Records from a data collection
= = = = =

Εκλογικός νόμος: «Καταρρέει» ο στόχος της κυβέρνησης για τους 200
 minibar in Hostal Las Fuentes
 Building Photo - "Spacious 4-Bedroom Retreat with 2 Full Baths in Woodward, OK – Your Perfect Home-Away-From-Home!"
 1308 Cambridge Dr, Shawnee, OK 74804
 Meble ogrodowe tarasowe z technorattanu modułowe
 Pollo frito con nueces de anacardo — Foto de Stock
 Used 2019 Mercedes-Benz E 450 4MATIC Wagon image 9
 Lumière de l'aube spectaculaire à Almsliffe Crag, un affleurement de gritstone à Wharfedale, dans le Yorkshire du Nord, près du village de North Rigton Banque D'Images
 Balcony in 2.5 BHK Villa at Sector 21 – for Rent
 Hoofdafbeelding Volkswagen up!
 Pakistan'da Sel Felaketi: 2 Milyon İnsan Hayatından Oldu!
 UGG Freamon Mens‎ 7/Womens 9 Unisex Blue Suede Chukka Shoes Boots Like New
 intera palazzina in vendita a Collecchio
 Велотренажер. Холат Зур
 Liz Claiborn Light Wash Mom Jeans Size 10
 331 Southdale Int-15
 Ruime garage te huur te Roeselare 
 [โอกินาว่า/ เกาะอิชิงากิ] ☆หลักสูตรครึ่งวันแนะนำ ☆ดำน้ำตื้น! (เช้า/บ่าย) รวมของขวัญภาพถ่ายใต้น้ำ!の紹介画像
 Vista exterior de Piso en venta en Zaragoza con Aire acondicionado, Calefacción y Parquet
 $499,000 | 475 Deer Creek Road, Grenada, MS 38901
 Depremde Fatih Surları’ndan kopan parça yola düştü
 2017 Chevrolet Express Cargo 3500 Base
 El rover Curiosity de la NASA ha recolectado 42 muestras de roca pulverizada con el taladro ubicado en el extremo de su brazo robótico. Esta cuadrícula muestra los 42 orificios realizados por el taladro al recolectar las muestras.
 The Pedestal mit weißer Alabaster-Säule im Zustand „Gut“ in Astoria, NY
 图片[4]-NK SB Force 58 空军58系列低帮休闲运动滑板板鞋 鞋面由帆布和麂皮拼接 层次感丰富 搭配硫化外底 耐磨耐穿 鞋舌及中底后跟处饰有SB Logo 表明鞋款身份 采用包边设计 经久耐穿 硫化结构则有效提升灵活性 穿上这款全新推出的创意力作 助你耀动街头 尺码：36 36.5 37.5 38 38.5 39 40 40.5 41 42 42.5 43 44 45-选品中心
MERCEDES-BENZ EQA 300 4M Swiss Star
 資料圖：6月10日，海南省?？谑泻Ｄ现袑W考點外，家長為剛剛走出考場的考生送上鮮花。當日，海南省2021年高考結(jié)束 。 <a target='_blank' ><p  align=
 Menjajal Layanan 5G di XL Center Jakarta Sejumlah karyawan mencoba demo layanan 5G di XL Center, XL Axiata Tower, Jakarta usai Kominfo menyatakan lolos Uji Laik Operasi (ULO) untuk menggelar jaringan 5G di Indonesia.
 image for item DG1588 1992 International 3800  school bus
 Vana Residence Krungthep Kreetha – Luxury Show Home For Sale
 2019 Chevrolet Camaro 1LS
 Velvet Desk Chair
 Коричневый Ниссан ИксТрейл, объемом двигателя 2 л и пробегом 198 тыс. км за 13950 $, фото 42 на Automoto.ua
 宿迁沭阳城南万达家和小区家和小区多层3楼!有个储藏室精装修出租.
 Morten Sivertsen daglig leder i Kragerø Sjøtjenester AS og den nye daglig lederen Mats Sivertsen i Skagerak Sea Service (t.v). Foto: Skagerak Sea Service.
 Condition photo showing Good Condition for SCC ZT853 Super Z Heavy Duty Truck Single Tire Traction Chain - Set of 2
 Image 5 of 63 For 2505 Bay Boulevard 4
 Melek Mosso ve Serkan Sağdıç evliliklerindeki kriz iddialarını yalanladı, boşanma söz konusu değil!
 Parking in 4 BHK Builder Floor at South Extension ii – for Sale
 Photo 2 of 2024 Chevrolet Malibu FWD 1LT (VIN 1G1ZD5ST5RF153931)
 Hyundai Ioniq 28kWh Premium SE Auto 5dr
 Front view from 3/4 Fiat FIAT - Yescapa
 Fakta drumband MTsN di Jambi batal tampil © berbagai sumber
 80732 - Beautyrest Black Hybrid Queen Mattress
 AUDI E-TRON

= = = = =

**What this task involves:**
Out of the data above, give again only the lines starting at the one holding "intera palazzina in vendita a Collecchio" and ending at the one holding "Image 5 of 63 For 2505 Bay Boulevard 4", unchanged.

**Finished task:**
 intera palazzina in vendita a Collecchio
 Велотренажер. Холат Зур
 Liz Claiborn Light Wash Mom Jeans Size 10
 331 Southdale Int-15
 Ruime garage te huur te Roeselare 
 [โอกินาว่า/ เกาะอิชิงากิ] ☆หลักสูตรครึ่งวันแนะนำ ☆ดำน้ำตื้น! (เช้า/บ่าย) รวมของขวัญภาพถ่ายใต้น้ำ!の紹介画像
 Vista exterior de Piso en venta en Zaragoza con Aire acondicionado, Calefacción y Parquet
 $499,000 | 475 Deer Creek Road, Grenada, MS 38901
 Depremde Fatih Surları’ndan kopan parça yola düştü
 2017 Chevrolet Express Cargo 3500 Base
 El rover Curiosity de la NASA ha recolectado 42 muestras de roca pulverizada con el taladro ubicado en el extremo de su brazo robótico. Esta cuadrícula muestra los 42 orificios realizados por el taladro al recolectar las muestras.
 The Pedestal mit weißer Alabaster-Säule im Zustand „Gut“ in Astoria, NY
 图片[4]-NK SB Force 58 空军58系列低帮休闲运动滑板板鞋 鞋面由帆布和麂皮拼接 层次感丰富 搭配硫化外底 耐磨耐穿 鞋舌及中底后跟处饰有SB Logo 表明鞋款身份 采用包边设计 经久耐穿 硫化结构则有效提升灵活性 穿上这款全新推出的创意力作 助你耀动街头 尺码：36 36.5 37.5 38 38.5 39 40 40.5 41 42 42.5 43 44 45-选品中心
MERCEDES-BENZ EQA 300 4M Swiss Star
 資料圖：6月10日，海南省?？谑泻Ｄ现袑W考點外，家長為剛剛走出考場的考生送上鮮花。當日，海南省2021年高考結(jié)束 。 <a target='_blank' ><p  align=
 Menjajal Layanan 5G di XL Center Jakarta Sejumlah karyawan mencoba demo layanan 5G di XL Center, XL Axiata Tower, Jakarta usai Kominfo menyatakan lolos Uji Laik Operasi (ULO) untuk menggelar jaringan 5G di Indonesia.
 image for item DG1588 1992 International 3800  school bus
 Vana Residence Krungthep Kreetha – Luxury Show Home For Sale
 2019 Chevrolet Camaro 1LS
 Velvet Desk Chair
 Коричневый Ниссан ИксТрейл, объемом двигателя 2 л и пробегом 198 тыс. км за 13950 $, фото 42 на Automoto.ua
 宿迁沭阳城南万达家和小区家和小区多层3楼!有个储藏室精装修出租.
 Morten Sivertsen daglig leder i Kragerø Sjøtjenester AS og den nye daglig lederen Mats Sivertsen i Skagerak Sea Service (t.v). Foto: Skagerak Sea Service.
 Condition photo showing Good Condition for SCC ZT853 Super Z Heavy Duty Truck Single Tire Traction Chain - Set of 2
 Image 5 of 63 For 2505 Bay Boulevard 4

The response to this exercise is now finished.